# Eddie Alvarez Vows To Finish Roger Huerta Tommorrw Night...



## _RIVAL_ (Mar 7, 2008)

> “That’s usually when you perform your best — when you’re the underdog. I’m expecting the best Roger Huerta possible. That’s what I trained for… He didn’t join with Bellator to take a backseat. He joined Bellator to be their marquee guy, just like the UFC was trying to promote him. Immediately he became a threat to me. He’s been unfortunate in his last couple of outings, but that’s what makes him even more dangerous. He has nothing to lose, zero to lose… I’m going to get in his face like nobody’s got in his face before. I’m going to finish him. I don’t think there’s going to be a part of the fight where Roger’s dominant. I want to get right after him and beat him like nobody’s beaten him… We fight. If there’s two guys in MMA who go out and put it all out there, it’s us two. We fight and we don’t give up.”

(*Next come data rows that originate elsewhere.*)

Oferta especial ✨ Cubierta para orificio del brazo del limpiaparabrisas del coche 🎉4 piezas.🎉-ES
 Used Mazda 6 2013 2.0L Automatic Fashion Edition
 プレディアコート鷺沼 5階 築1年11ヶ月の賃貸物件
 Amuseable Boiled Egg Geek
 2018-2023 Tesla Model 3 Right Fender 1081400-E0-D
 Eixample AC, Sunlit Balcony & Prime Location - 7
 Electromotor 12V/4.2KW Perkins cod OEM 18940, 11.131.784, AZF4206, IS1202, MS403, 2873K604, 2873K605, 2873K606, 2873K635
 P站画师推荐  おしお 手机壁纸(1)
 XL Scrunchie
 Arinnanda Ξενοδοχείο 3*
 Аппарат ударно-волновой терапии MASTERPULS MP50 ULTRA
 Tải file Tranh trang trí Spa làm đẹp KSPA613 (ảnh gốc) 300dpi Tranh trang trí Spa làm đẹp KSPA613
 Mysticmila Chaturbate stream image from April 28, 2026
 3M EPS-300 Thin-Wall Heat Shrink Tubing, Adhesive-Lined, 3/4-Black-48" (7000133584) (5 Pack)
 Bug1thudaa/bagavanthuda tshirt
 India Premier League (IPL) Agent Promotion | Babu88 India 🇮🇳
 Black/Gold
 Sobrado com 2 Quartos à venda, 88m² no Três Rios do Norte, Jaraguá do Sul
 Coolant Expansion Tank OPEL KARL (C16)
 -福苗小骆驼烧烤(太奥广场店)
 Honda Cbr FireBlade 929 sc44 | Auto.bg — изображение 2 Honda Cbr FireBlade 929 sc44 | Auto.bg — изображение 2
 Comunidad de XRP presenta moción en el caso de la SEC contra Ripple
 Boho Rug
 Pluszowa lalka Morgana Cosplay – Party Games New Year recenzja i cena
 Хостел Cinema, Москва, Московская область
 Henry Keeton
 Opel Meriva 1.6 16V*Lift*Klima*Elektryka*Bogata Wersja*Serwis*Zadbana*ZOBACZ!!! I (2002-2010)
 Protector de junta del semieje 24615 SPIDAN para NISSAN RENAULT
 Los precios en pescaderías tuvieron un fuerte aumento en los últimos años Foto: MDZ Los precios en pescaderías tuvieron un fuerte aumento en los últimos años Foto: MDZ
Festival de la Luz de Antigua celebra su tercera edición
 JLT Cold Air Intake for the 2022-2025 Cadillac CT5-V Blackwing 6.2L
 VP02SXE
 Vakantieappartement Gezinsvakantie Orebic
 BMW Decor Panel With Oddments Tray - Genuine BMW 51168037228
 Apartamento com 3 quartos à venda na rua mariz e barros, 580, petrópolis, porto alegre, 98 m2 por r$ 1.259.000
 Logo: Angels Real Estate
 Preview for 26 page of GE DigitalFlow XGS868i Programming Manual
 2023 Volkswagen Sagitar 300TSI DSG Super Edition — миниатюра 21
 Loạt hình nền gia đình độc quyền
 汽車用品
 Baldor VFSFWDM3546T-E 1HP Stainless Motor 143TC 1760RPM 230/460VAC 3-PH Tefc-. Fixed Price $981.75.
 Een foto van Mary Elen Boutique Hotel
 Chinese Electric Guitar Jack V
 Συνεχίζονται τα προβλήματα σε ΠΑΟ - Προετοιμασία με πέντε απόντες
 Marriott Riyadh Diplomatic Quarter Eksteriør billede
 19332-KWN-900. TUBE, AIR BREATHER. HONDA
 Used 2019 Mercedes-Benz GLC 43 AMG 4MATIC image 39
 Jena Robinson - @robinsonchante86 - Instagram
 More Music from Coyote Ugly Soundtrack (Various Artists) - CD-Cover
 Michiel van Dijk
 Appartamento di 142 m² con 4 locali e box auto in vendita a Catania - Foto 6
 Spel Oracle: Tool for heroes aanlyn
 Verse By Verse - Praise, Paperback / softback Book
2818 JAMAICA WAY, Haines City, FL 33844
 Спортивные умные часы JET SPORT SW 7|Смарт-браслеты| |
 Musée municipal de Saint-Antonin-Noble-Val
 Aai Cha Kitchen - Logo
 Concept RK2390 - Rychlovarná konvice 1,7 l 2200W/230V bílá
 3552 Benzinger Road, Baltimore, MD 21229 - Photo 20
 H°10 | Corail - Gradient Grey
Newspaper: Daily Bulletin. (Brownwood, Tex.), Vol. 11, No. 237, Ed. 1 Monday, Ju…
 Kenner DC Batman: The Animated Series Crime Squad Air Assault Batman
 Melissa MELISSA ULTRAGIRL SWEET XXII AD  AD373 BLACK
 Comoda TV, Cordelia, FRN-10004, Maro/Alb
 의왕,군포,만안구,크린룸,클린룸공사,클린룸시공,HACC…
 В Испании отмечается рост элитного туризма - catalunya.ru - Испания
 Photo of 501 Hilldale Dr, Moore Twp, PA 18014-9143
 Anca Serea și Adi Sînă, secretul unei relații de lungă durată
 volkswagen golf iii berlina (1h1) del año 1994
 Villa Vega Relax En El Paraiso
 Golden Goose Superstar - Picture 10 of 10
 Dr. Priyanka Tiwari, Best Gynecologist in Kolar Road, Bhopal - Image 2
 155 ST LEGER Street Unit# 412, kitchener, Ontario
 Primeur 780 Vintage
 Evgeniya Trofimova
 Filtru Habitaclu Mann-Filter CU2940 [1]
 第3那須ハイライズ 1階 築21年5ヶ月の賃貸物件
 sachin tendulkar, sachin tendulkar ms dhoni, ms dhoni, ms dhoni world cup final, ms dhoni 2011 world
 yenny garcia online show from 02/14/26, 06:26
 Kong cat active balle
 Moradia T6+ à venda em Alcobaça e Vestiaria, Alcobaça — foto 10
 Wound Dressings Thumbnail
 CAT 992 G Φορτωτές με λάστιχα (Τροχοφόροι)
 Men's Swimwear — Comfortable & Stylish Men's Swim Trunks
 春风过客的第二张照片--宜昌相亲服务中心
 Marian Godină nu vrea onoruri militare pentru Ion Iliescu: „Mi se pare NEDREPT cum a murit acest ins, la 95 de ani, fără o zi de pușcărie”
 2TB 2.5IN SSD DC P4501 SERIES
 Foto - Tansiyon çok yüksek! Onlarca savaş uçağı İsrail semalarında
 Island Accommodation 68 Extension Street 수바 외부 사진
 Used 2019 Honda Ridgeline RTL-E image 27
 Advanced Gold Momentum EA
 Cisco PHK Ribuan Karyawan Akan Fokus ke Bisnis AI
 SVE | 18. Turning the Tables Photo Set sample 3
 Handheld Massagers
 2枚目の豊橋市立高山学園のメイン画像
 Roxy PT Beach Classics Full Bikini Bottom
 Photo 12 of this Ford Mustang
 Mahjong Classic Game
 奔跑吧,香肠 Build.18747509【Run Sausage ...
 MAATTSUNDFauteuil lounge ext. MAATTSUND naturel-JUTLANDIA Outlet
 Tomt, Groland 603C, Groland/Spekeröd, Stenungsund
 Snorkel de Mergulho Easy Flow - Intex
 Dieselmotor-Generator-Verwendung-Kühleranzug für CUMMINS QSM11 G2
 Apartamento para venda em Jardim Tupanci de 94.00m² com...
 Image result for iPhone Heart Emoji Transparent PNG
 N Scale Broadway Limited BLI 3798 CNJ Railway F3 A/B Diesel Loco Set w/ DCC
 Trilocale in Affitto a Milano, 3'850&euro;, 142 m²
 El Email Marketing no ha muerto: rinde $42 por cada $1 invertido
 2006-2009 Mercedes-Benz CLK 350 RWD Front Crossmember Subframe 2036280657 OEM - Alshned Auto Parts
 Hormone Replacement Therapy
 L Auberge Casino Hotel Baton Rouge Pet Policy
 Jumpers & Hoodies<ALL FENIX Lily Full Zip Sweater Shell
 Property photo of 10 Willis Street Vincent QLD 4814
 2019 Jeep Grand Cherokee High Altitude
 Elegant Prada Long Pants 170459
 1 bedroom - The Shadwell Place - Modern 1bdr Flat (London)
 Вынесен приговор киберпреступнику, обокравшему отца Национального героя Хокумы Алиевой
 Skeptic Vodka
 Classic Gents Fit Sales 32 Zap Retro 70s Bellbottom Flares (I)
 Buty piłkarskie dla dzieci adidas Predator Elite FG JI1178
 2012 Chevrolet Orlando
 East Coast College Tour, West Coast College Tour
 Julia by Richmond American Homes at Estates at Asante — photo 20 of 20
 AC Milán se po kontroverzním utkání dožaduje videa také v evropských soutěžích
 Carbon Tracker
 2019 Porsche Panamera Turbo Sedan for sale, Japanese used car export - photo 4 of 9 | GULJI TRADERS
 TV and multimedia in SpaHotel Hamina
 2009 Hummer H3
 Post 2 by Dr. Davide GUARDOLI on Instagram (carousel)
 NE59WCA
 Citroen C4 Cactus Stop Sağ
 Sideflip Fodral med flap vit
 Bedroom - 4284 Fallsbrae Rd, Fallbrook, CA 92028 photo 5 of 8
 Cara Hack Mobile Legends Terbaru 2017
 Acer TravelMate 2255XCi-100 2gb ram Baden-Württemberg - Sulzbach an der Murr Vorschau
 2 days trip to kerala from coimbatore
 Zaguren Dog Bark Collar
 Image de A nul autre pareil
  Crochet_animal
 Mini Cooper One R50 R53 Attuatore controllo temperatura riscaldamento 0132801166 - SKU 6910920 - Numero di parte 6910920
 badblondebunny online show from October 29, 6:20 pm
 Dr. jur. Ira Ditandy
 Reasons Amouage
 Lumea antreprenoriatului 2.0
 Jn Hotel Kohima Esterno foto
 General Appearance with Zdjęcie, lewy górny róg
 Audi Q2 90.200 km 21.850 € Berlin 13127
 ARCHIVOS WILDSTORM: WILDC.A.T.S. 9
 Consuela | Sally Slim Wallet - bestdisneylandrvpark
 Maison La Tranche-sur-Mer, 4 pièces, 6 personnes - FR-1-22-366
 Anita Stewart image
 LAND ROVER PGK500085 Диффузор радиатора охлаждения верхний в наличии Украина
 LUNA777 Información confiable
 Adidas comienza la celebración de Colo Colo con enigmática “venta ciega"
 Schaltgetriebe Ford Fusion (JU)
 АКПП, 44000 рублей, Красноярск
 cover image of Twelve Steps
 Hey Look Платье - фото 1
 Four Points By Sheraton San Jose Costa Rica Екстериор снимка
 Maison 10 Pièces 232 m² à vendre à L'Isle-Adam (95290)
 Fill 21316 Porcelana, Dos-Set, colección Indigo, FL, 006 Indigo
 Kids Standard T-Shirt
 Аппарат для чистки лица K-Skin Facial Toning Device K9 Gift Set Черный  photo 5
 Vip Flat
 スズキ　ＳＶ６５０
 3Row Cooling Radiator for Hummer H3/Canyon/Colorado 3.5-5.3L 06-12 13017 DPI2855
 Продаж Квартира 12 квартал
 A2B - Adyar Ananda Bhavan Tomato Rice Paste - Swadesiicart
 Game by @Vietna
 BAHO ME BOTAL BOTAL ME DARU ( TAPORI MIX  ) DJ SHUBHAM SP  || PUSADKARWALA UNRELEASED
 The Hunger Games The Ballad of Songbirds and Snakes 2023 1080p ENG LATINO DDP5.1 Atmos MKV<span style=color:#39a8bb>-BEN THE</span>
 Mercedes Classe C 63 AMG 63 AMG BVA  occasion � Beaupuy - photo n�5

*This fight is gonna tear the roof off... damn I'm pumped!*

*source....* http://www.mmaconvert.com/2010/10/20/eddie-alvarez-vows-to-finish-roger-huerta/


----------



## KMFO (Aug 16, 2010)

This IS or at least SHOULD BE be an amazing fight... Hopefully Huerta comes in mentally right after basically saying he was not mentally there for his last couple of fight.... Looking forward to this.


----------



## kantowrestler (Jun 6, 2009)

It was definately a good fight. Alveraz is definately still going forward and is arguably one of the best lightweights in the world. His fight against Curran should be interesting!:thumbsup:


----------